> DATASET EXCERPT
····················
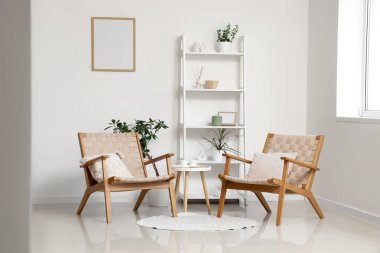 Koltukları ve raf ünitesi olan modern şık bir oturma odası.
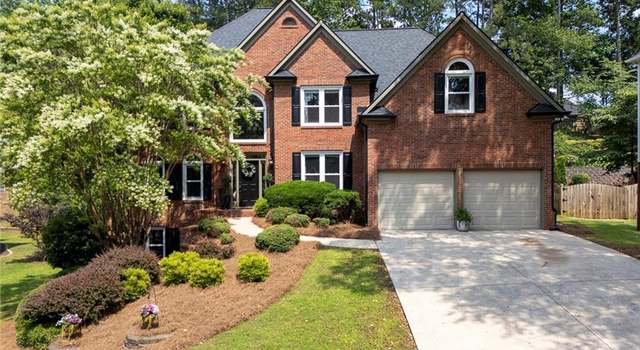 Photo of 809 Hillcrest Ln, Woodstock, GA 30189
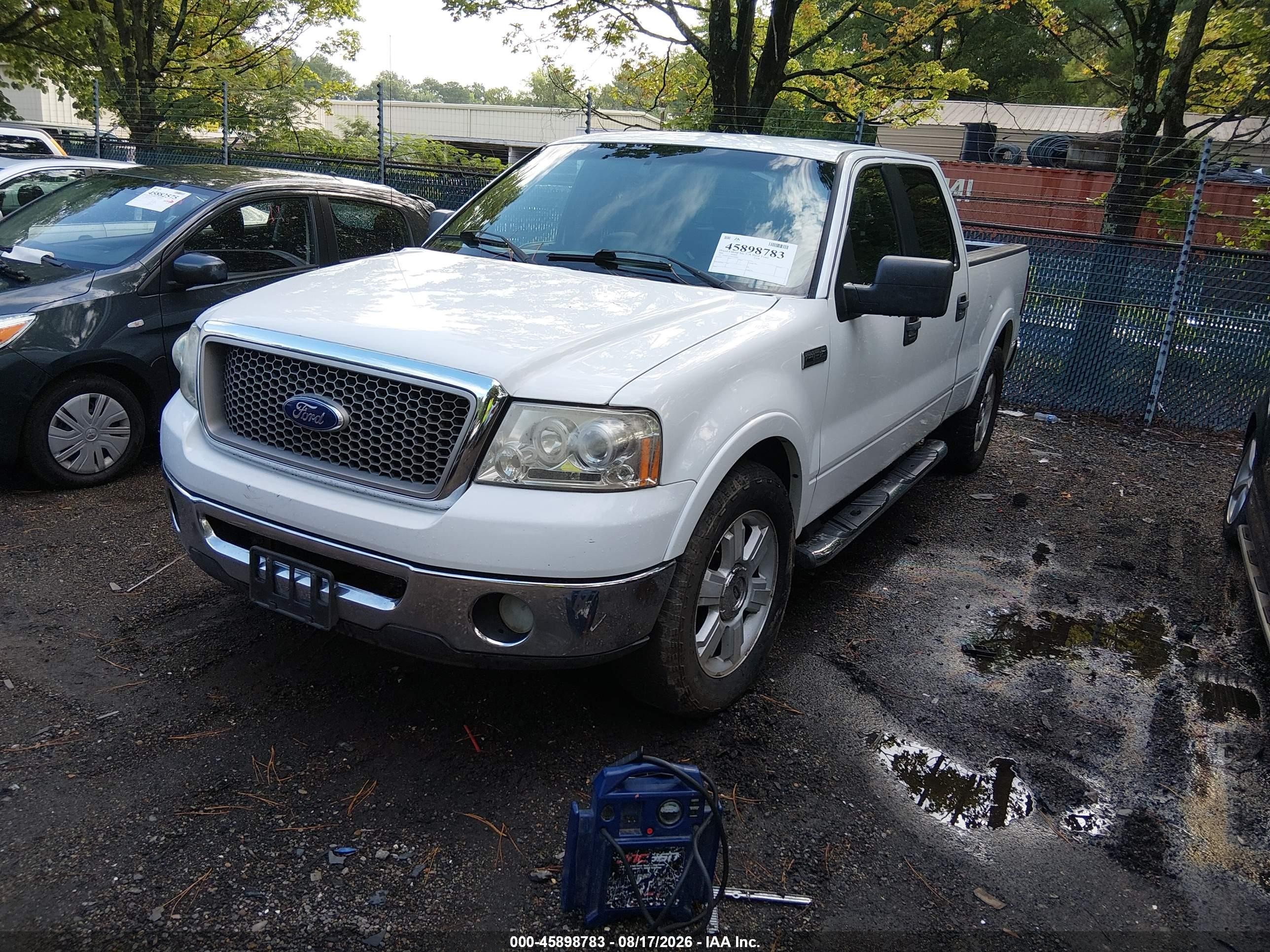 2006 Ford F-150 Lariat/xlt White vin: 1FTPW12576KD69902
····················
> ABOUT THIS EXERCISE
Output, word for word, the full listing above, with no pictures.

> ANSWER TO THIS PROBLEM
 Koltukları ve raf ünitesi olan modern şık bir oturma odası.
 Photo of 809 Hillcrest Ln, Woodstock, GA 30189
 2006 Ford F-150 Lariat/xlt White vin: 1FTPW12576KD69902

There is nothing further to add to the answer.